2007 European Superbike World Championship round

Round details
- Round 3 of 13 rounds in the 2007 Superbike World Championship. and Round 3 of 13 rounds in the 2007 Supersport World Championship.
- ← Previous round AustraliaNext round → Spain
- Date: 1 April, 2007
- Location: Donington Park
- Course: Permanent racing facility 4.023 km (2.500 mi)

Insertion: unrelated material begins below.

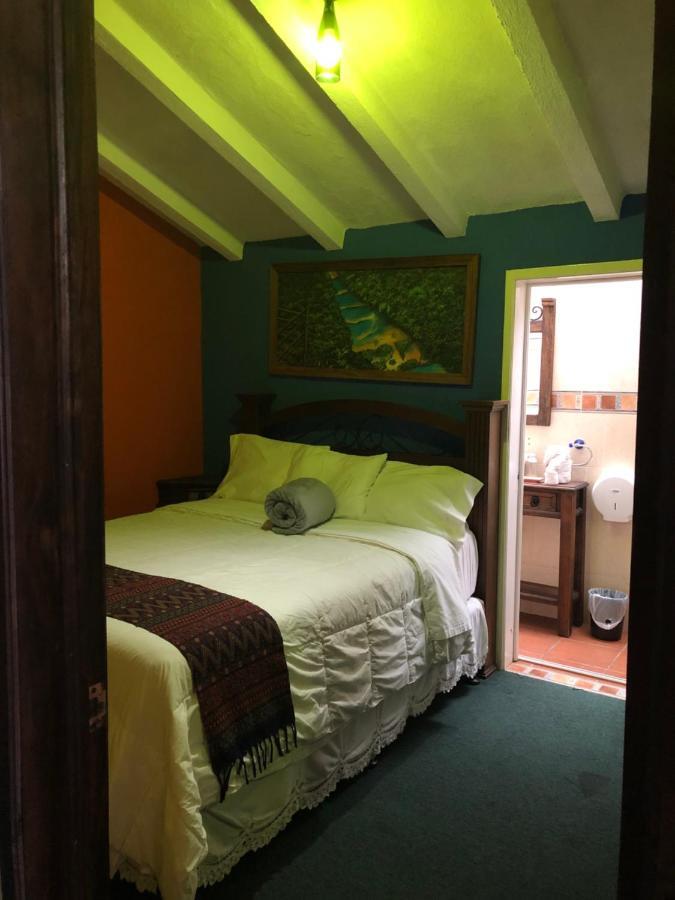 Hotel Boutique Casa Jose Cobán Exteriér fotografie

Superbike World Championship
Pole position
Troy Bayliss
1:32.333
| Fastest lap race 1 | Fastest lap race 2 |
| Troy Bayliss | Noriyuki Haga |
| 1:31.575 | 1:31.634 |

Supersport World Championship
| Pole position |
| Pere Riba |
| 1:34.066 |
| Fastest lap |
| Katsuaki Fujiwara |
| 1:33.848 |

= 2007 Donington Park Superbike World Championship round =

The 2007 Donington Park Superbike World Championship round was the third round of the 2007 Superbike World Championship. It took place on the weekend of 30 March-1 April 2007. The round at Donington marked World Superbike's 20th anniversary with the first ever meeting being held at the Derbyshire circuit on 3 April 1988. For the 2007 season, World Superbike returned to Donington Park for the first time since 2001.

==Overview==
In celebration of the 20th anniversary a parade lap of former Superbike stars and champions was organised featuring Fred Merkel, Aaron Slight, Scott Russell, Piergiorgio Bontempi, Peter Goddard, Marco Lucchinelli, Davide Tardozzi, Fabrizio Pirovano, Roger Burnett, James Whitham, Pierfrancesco Chili, Neil Hodgson and John Reynolds.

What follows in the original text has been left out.